---------- Source data

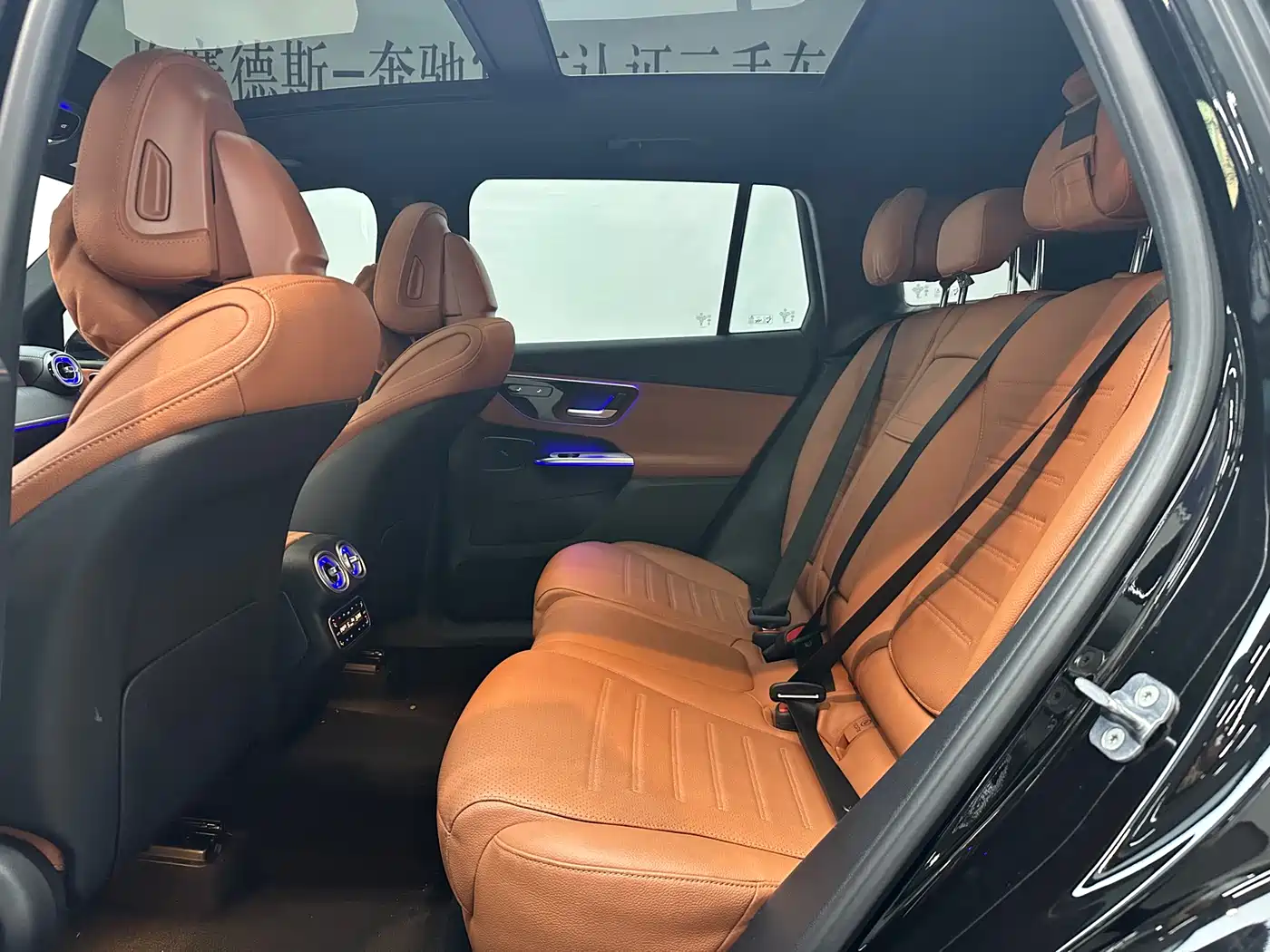 Mercedes-Benz GLC 2023 GLC 260 L 4MATIC Luxury 5-Seater фото 10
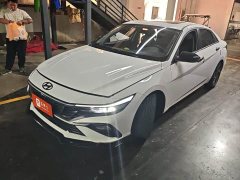 Lexus Elantra 2023 1.5L CVT GLX Elite Edition - фото 1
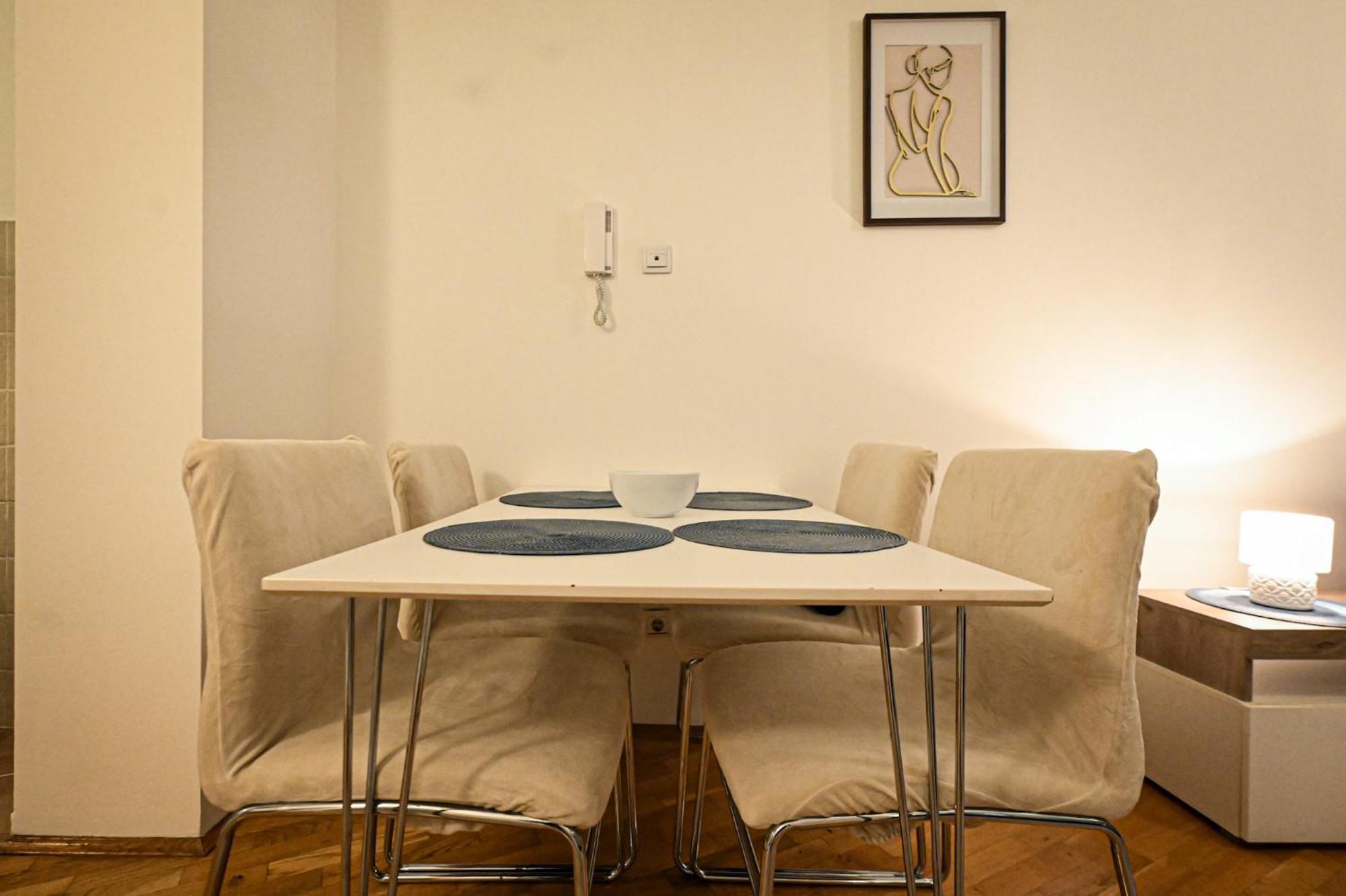 L&B Studio Apartment Prishtinë Ngoại thất bức ảnh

--------------------

Write the material out again exactly as it appears, dropping the pictures.

=== Result of this exercise ===
 Mercedes-Benz GLC 2023 GLC 260 L 4MATIC Luxury 5-Seater фото 10
 Lexus Elantra 2023 1.5L CVT GLX Elite Edition - фото 1
 L&B Studio Apartment Prishtinë Ngoại thất bức ảnh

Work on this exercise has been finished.